Bill cursed the uncontrollable warming of his heart at the sound of those words, and voiced another of his fears,

"Even if your son or daughter will inherit some of the contamination from me?"

Fleur didn't flinch. She didn't cringe. She did nothing, except stare at him. Before she answered, Bill knew the answer, because the sky of her eyes told him in silence.

"I'm sorry," he started, and his voice cracked. Fleur welcomed his wet cheek at the cavity of her neck, and all the things unsaid, and all the things not done, like the kiss she much expected at his awakening, were filled by that one mutual gesture.

She let him cry his tears, because she knew he needed to do that in order to shed the heavy uncertainties of their future together. She cried with him, because she needed to do that in order to fully appreciate the indestructibly rosy future she knew they were going to have, despite it all.

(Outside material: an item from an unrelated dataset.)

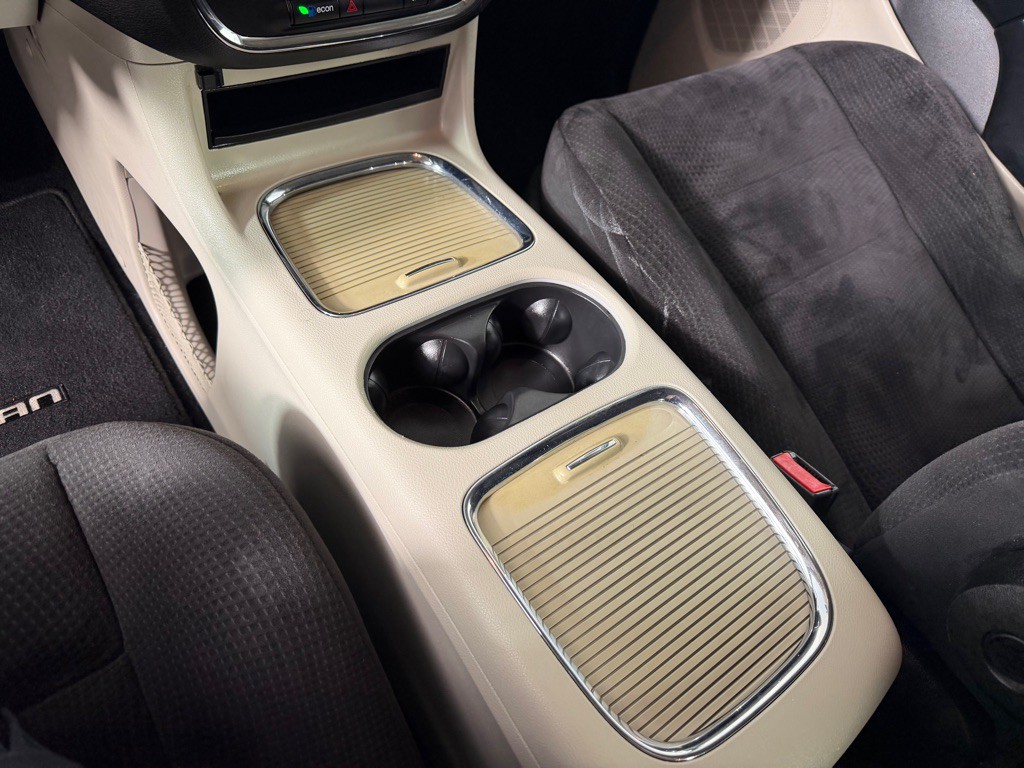 2014 Dodge Grand Caravan Image 18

The relief induced on her was apparently great, because when Fleur tried once again to flick the wand at the orchids, they lifted their heads a little, not fully recovered, but still, back from nothing.

"Why do you keep doing that?" asked Bill, when he lost against trying to release Fleur's gradually more forceful grip on his shoulders. She smiled, looking amused by some distant, powerful memory in her mind.

"You remember ze first day I visited ze Burrow? You caught me trying to throw away some of your Aunt's awfully old plants, oui?" Bill nodded, prompting her to go on, despite the knowing twinkle in his eye.

"You were upset by eet. You asked why I gave up."